OTHERS SAY

NATO’s duty

— Tragic mistakes all too often accompany combat operations, even when the military objectives are humanitarian. That is what seems to have happened in the Libyan farming village of Majer in August. Amid the confusion of a rebel advance and a retreat by Gadhafi loyalists, successive NATO bomb runs there killed at least 34 Libyan civilians, including women and small children, according to journalists, human-rights organizations and UN investigators.

The refusal by NATO to fully investigate and disclose what happened in Majer and other places where there are credible claims of civilian casualties means that the alliance won’t be able to learn from such tragedies. It has cast a pall on a campaign fought for the right reasons, one that likely saved tens of thousands of Libyans from Moammar Gadhafi’s murderous wrath.

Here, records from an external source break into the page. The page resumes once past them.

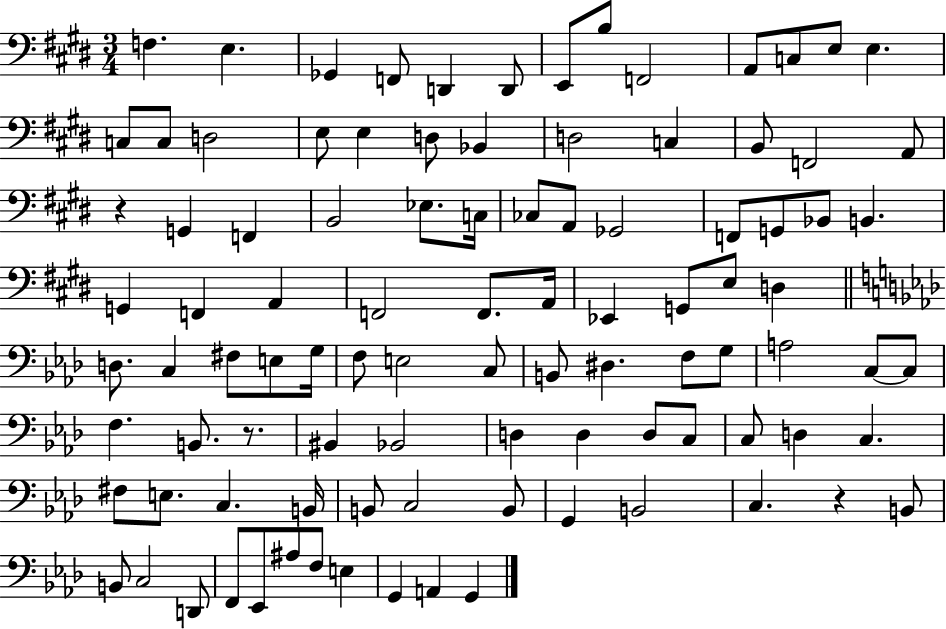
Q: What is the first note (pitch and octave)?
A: F3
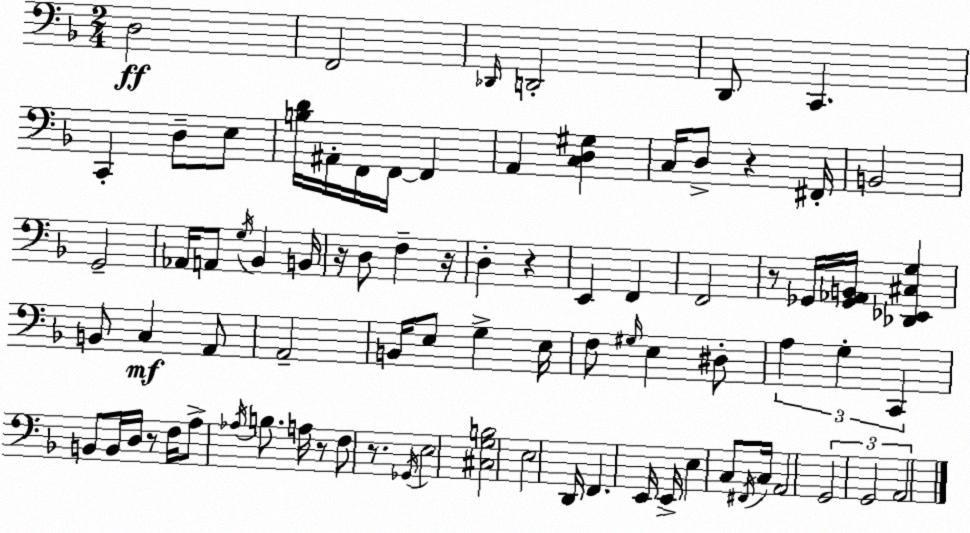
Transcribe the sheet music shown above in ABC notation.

X:1
T:Untitled
M:2/4
L:1/4
K:Dm
D,2 F,,2 _D,,/4 D,,2 D,,/2 C,, C,, D,/2 E,/2 [B,D]/4 ^A,,/4 F,,/4 F,,/4 F,, A,, [C,D,^G,] C,/4 D,/2 z ^F,,/4 B,,2 G,,2 _A,,/4 A,,/2 G,/4 _B,, B,,/4 z/4 D,/2 F, z/4 D, z E,, F,, F,,2 z/2 _G,,/4 [_G,,_A,,B,,]/4 [_D,,_E,,^C,G,] B,,/2 C, A,,/2 A,,2 B,,/4 E,/2 G, E,/4 F,/2 ^G,/4 E, ^D,/2 A, G, C,, B,,/2 B,,/4 D,/4 z/2 F,/4 A,/2 _A,/4 B,/2 A,/4 z/2 F,/2 z/2 _G,,/4 E,2 [^C,G,B,]2 E,2 D,,/4 F,, E,,/4 E,,/4 E, C,/2 ^F,,/4 C,/4 A,,2 G,,2 G,,2 A,,2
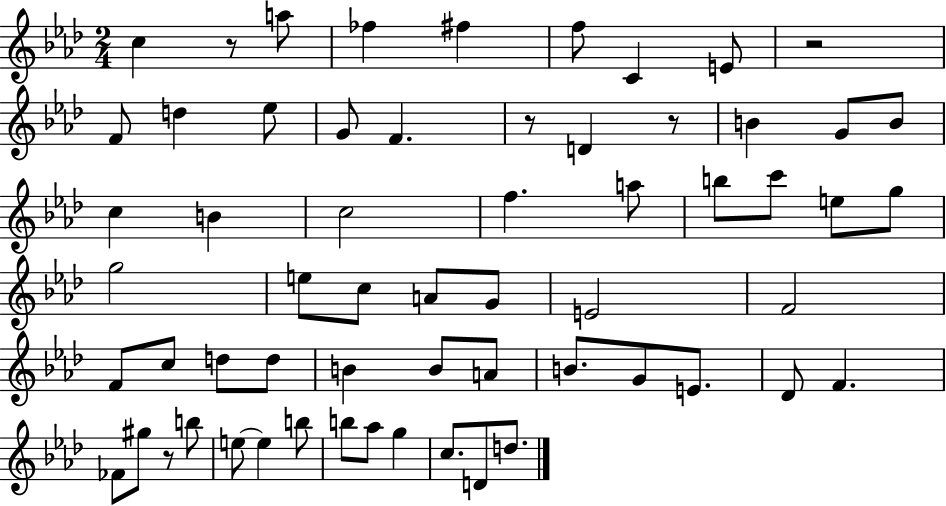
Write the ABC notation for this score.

X:1
T:Untitled
M:2/4
L:1/4
K:Ab
c z/2 a/2 _f ^f f/2 C E/2 z2 F/2 d _e/2 G/2 F z/2 D z/2 B G/2 B/2 c B c2 f a/2 b/2 c'/2 e/2 g/2 g2 e/2 c/2 A/2 G/2 E2 F2 F/2 c/2 d/2 d/2 B B/2 A/2 B/2 G/2 E/2 _D/2 F _F/2 ^g/2 z/2 b/2 e/2 e b/2 b/2 _a/2 g c/2 D/2 d/2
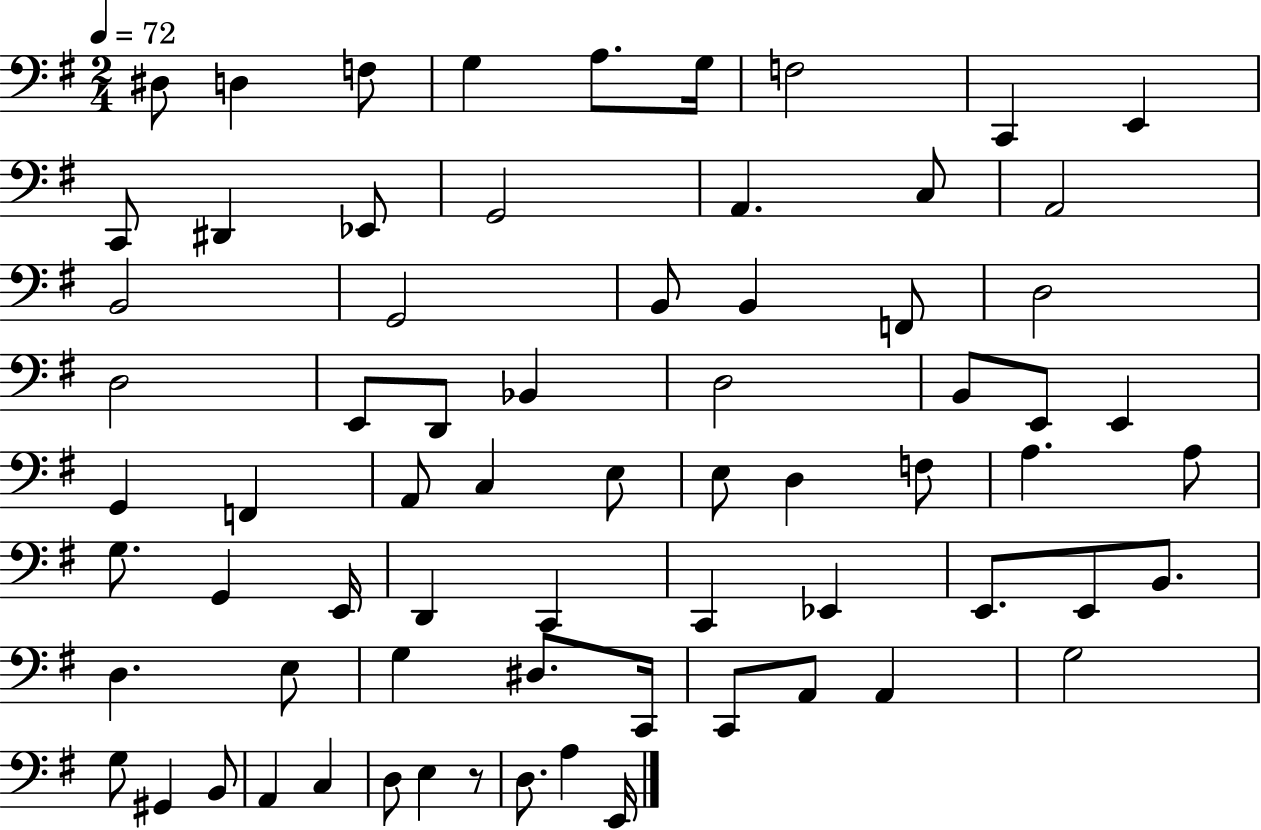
{
  \clef bass
  \numericTimeSignature
  \time 2/4
  \key g \major
  \tempo 4 = 72
  \repeat volta 2 { dis8 d4 f8 | g4 a8. g16 | f2 | c,4 e,4 | \break c,8 dis,4 ees,8 | g,2 | a,4. c8 | a,2 | \break b,2 | g,2 | b,8 b,4 f,8 | d2 | \break d2 | e,8 d,8 bes,4 | d2 | b,8 e,8 e,4 | \break g,4 f,4 | a,8 c4 e8 | e8 d4 f8 | a4. a8 | \break g8. g,4 e,16 | d,4 c,4 | c,4 ees,4 | e,8. e,8 b,8. | \break d4. e8 | g4 dis8. c,16 | c,8 a,8 a,4 | g2 | \break g8 gis,4 b,8 | a,4 c4 | d8 e4 r8 | d8. a4 e,16 | \break } \bar "|."
}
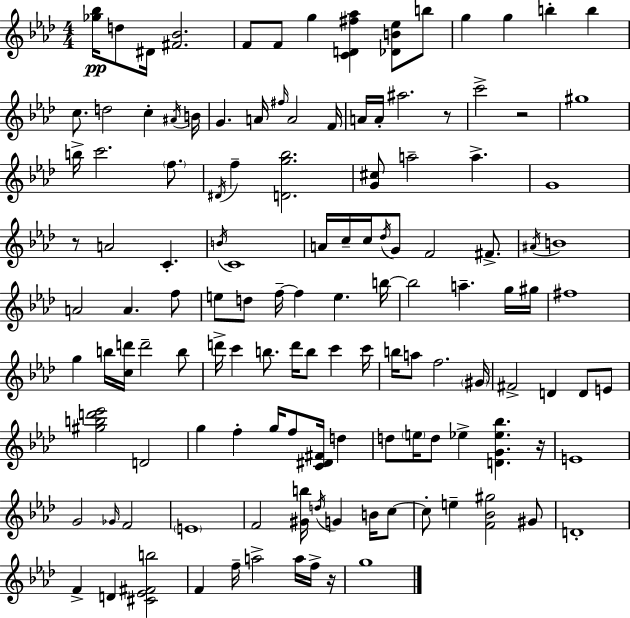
{
  \clef treble
  \numericTimeSignature
  \time 4/4
  \key aes \major
  <ges'' bes''>16\pp d''8 dis'16 <fis' bes'>2. | f'8 f'8 g''4 <c' d' fis'' aes''>4 <des' b' ees''>8 b''8 | g''4 g''4 b''4-. b''4 | c''8. d''2 c''4-. \acciaccatura { ais'16 } | \break b'16 g'4. a'16 \grace { fis''16 } a'2 | f'16 a'16 a'16-. ais''2. | r8 c'''2-> r2 | gis''1 | \break b''16-> c'''2. \parenthesize f''8. | \acciaccatura { dis'16 } f''4-- <d' g'' bes''>2. | <g' cis''>8 a''2-- a''4.-> | g'1 | \break r8 a'2 c'4.-. | \acciaccatura { b'16 } c'1 | a'16 c''16-- c''16 \acciaccatura { des''16 } g'8 f'2 | fis'8.-> \acciaccatura { ais'16 } b'1 | \break a'2 a'4. | f''8 e''8 d''8 f''16--~~ f''4 e''4. | b''16~~ b''2 a''4.-- | g''16 gis''16 fis''1 | \break g''4 b''16 <c'' d'''>16 d'''2-- | b''8 d'''16-> c'''4 b''8. d'''16 b''8 | c'''4 c'''16 b''16 a''8 f''2. | \parenthesize gis'16 fis'2-> d'4 | \break d'8 e'8 <gis'' b'' d''' ees'''>2 d'2 | g''4 f''4-. g''16 f''8 | <c' dis' fis'>16 d''4 d''8 \parenthesize e''16 d''8 ees''4-> <d' g' ees'' bes''>4. | r16 e'1 | \break g'2 \grace { ges'16 } f'2 | \parenthesize e'1 | f'2 <gis' b''>16 | \acciaccatura { d''16 } g'4 b'16 c''8~~ c''8-. e''4-- <f' bes' gis''>2 | \break gis'8 d'1-. | f'4-> d'4 | <cis' ees' fis' b''>2 f'4 f''16-- a''2-> | a''16 f''16-> r16 g''1 | \break \bar "|."
}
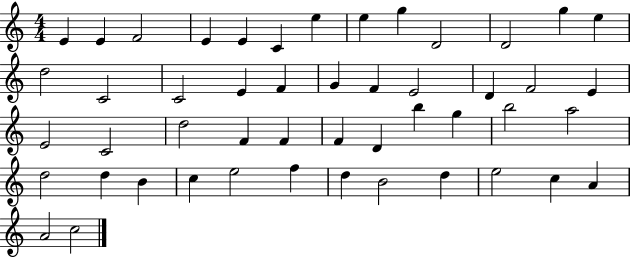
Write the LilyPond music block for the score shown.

{
  \clef treble
  \numericTimeSignature
  \time 4/4
  \key c \major
  e'4 e'4 f'2 | e'4 e'4 c'4 e''4 | e''4 g''4 d'2 | d'2 g''4 e''4 | \break d''2 c'2 | c'2 e'4 f'4 | g'4 f'4 e'2 | d'4 f'2 e'4 | \break e'2 c'2 | d''2 f'4 f'4 | f'4 d'4 b''4 g''4 | b''2 a''2 | \break d''2 d''4 b'4 | c''4 e''2 f''4 | d''4 b'2 d''4 | e''2 c''4 a'4 | \break a'2 c''2 | \bar "|."
}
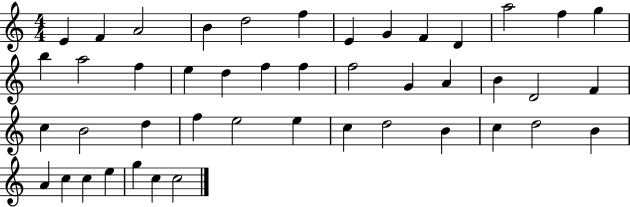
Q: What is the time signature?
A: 4/4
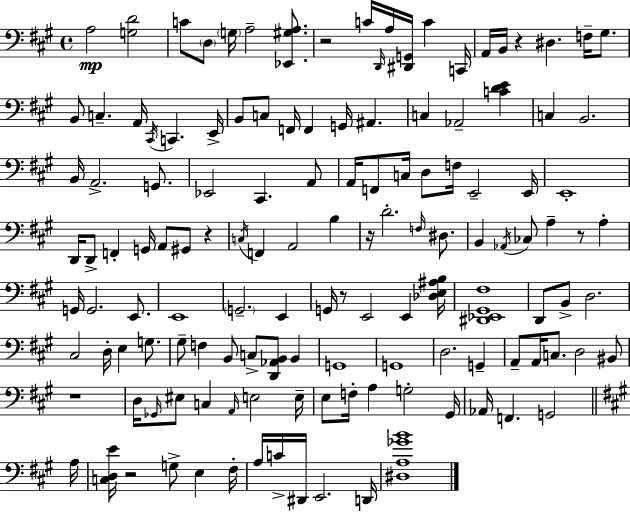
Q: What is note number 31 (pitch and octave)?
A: B2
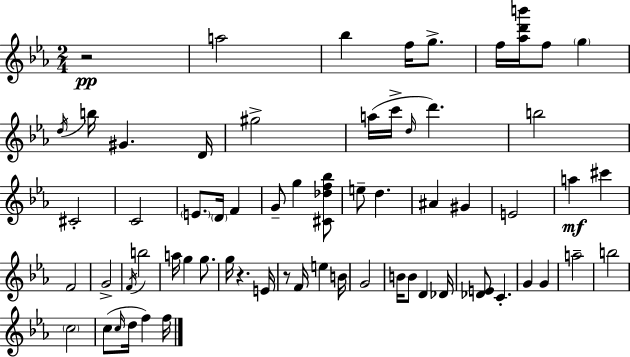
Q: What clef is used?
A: treble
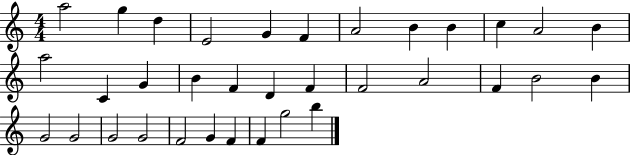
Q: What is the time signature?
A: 4/4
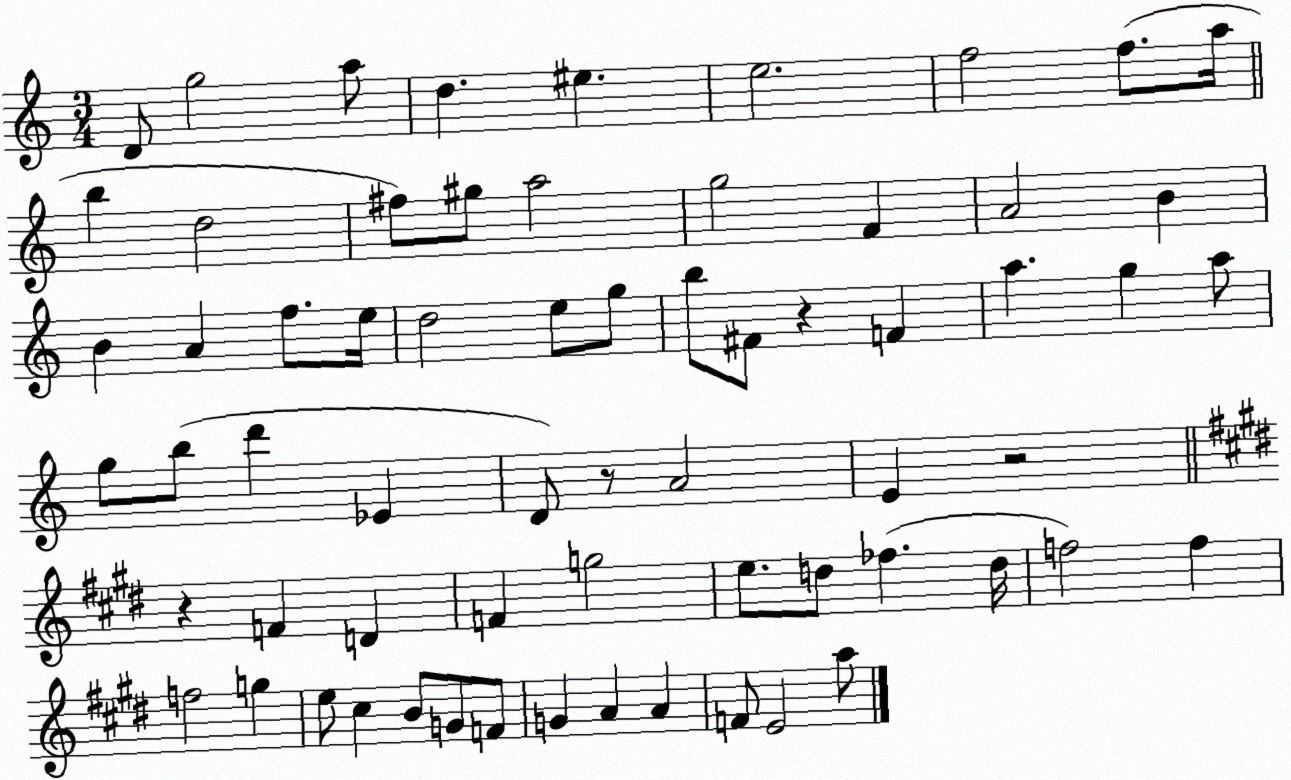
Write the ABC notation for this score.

X:1
T:Untitled
M:3/4
L:1/4
K:C
D/2 g2 a/2 d ^e e2 f2 f/2 a/4 b d2 ^f/2 ^g/2 a2 g2 F A2 B B A f/2 e/4 d2 e/2 g/2 b/2 ^F/2 z F a g a/2 g/2 b/2 d' _E D/2 z/2 A2 E z2 z F D F g2 e/2 d/2 _f d/4 f2 f f2 g e/2 ^c B/2 G/2 F/2 G A A F/2 E2 a/2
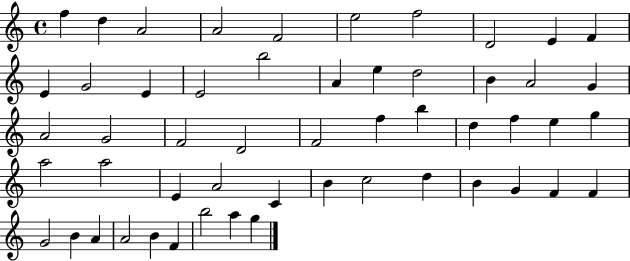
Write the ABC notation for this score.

X:1
T:Untitled
M:4/4
L:1/4
K:C
f d A2 A2 F2 e2 f2 D2 E F E G2 E E2 b2 A e d2 B A2 G A2 G2 F2 D2 F2 f b d f e g a2 a2 E A2 C B c2 d B G F F G2 B A A2 B F b2 a g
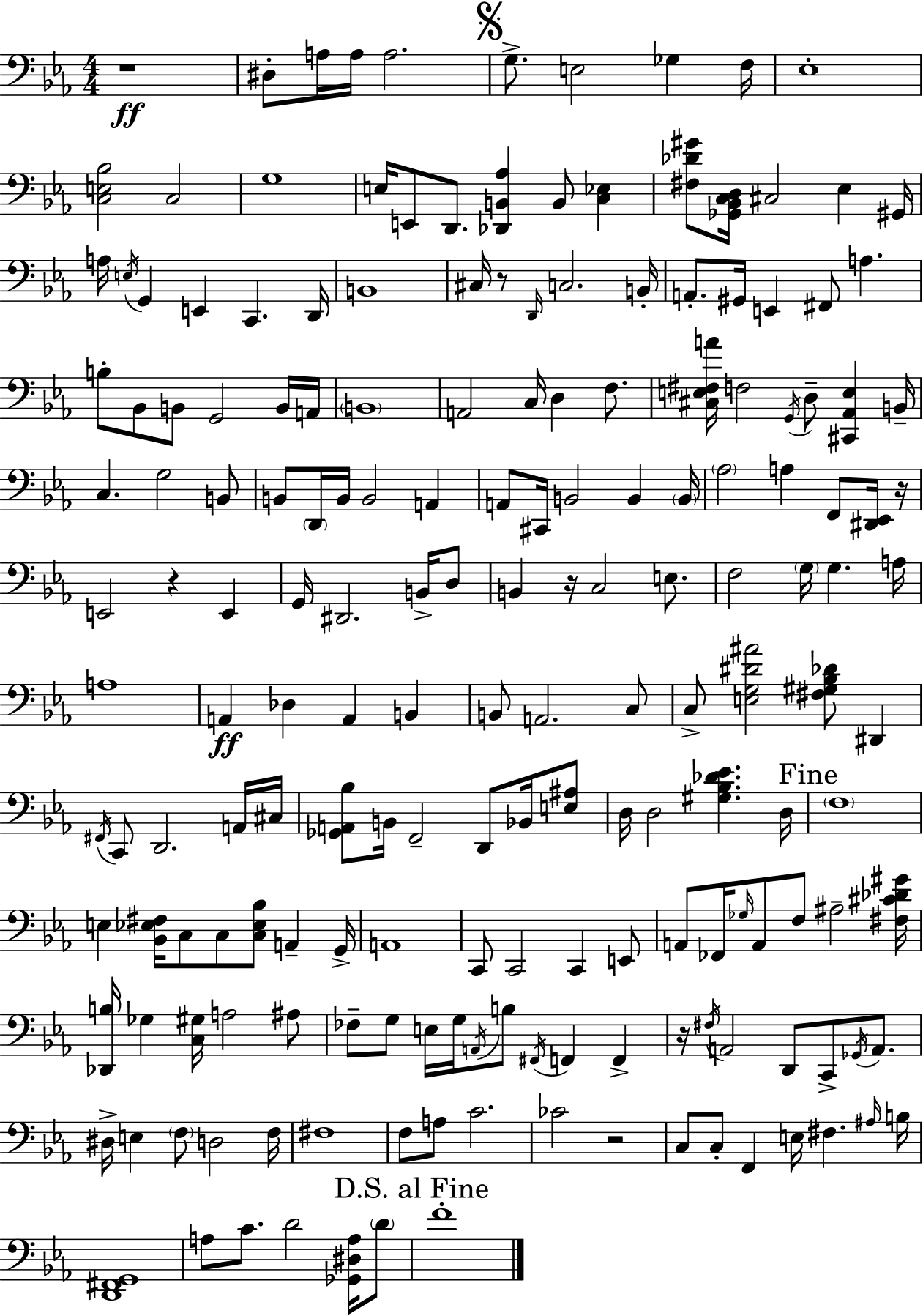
{
  \clef bass
  \numericTimeSignature
  \time 4/4
  \key c \minor
  \repeat volta 2 { r1\ff | dis8-. a16 a16 a2. | \mark \markup { \musicglyph "scripts.segno" } g8.-> e2 ges4 f16 | ees1-. | \break <c e bes>2 c2 | g1 | e16 e,8 d,8. <des, b, aes>4 b,8 <c ees>4 | <fis des' gis'>8 <ges, bes, c d>16 cis2 ees4 gis,16 | \break a16 \acciaccatura { e16 } g,4 e,4 c,4. | d,16 b,1 | cis16 r8 \grace { d,16 } c2. | b,16-. a,8.-. gis,16 e,4 fis,8 a4. | \break b8-. bes,8 b,8 g,2 | b,16 a,16 \parenthesize b,1 | a,2 c16 d4 f8. | <cis e fis a'>16 f2 \acciaccatura { g,16 } d8-- <cis, aes, e>4 | \break b,16-- c4. g2 | b,8 b,8 \parenthesize d,16 b,16 b,2 a,4 | a,8 cis,16 b,2 b,4 | \parenthesize b,16 \parenthesize aes2 a4 f,8 | \break <dis, ees,>16 r16 e,2 r4 e,4 | g,16 dis,2. | b,16-> d8 b,4 r16 c2 | e8. f2 \parenthesize g16 g4. | \break a16 a1 | a,4\ff des4 a,4 b,4 | b,8 a,2. | c8 c8-> <e g dis' ais'>2 <fis gis bes des'>8 dis,4 | \break \acciaccatura { fis,16 } c,8 d,2. | a,16 cis16 <ges, a, bes>8 b,16 f,2-- d,8 | bes,16 <e ais>8 d16 d2 <gis bes des' ees'>4. | d16 \mark "Fine" \parenthesize f1 | \break e4 <bes, ees fis>16 c8 c8 <c ees bes>8 a,4-- | g,16-> a,1 | c,8 c,2 c,4 | e,8 a,8 fes,16 \grace { ges16 } a,8 f8 ais2-- | \break <fis cis' des' gis'>16 <des, b>16 ges4 <c gis>16 a2 | ais8 fes8-- g8 e16 g16 \acciaccatura { a,16 } b8 \acciaccatura { fis,16 } f,4 | f,4-> r16 \acciaccatura { fis16 } a,2 | d,8 c,8-> \acciaccatura { ges,16 } a,8. dis16-> e4 \parenthesize f8 | \break d2 f16 fis1 | f8 a8 c'2. | ces'2 | r2 c8 c8-. f,4 | \break e16 fis4. \grace { ais16 } b16 <d, fis, g,>1 | a8 c'8. d'2 | <ges, dis a>16 \parenthesize d'8 \mark "D.S. al Fine" f'1-. | } \bar "|."
}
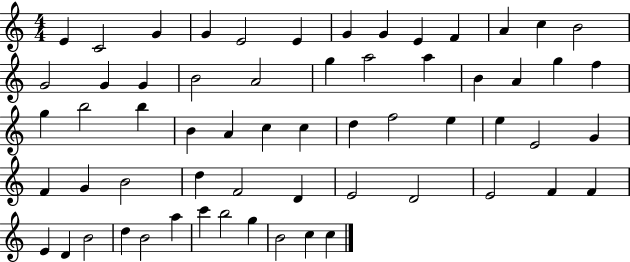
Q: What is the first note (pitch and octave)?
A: E4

NATO planners made extraordinary efforts to minimize civilian casualties. Fighter jets relied exclusively on smart bombs, which are guided by laser or satellite, to pinpoint intended targets. Bombing guidelines excluded legitimate military sites if hitting them also endangered civilians. But smart bombs are no more accurate than the intelligence used to program them, and pilots flying at high speeds can only avoid civilians they know about. Most of the targets struck in Libya were not pre-planned, but chosen in flight on the basis of imperfect information.

Implausibly, NATO insists it knows of no “confirmed” civilian casualties during its entire seven-month Libyan bombing campaign. “Confirmed,” as our colleague C.J. Chivers pointed out in last Sunday’s Times, means confirmed by NATO, which has shown little interest in investigating credible independent claims of civilian fatalities, including a 27-page memo submitted by the Times last year documenting nine separate attacks where the evidence pointed to unintended victims.

NATO has also declined to cooperate, on jurisdictional grounds, with an expert international panel appointed by the UN Human Rights Council, led by a distinguished Canadian judge, Philippe Kirsch. That is not an acceptable response-for Libyans or for NATO.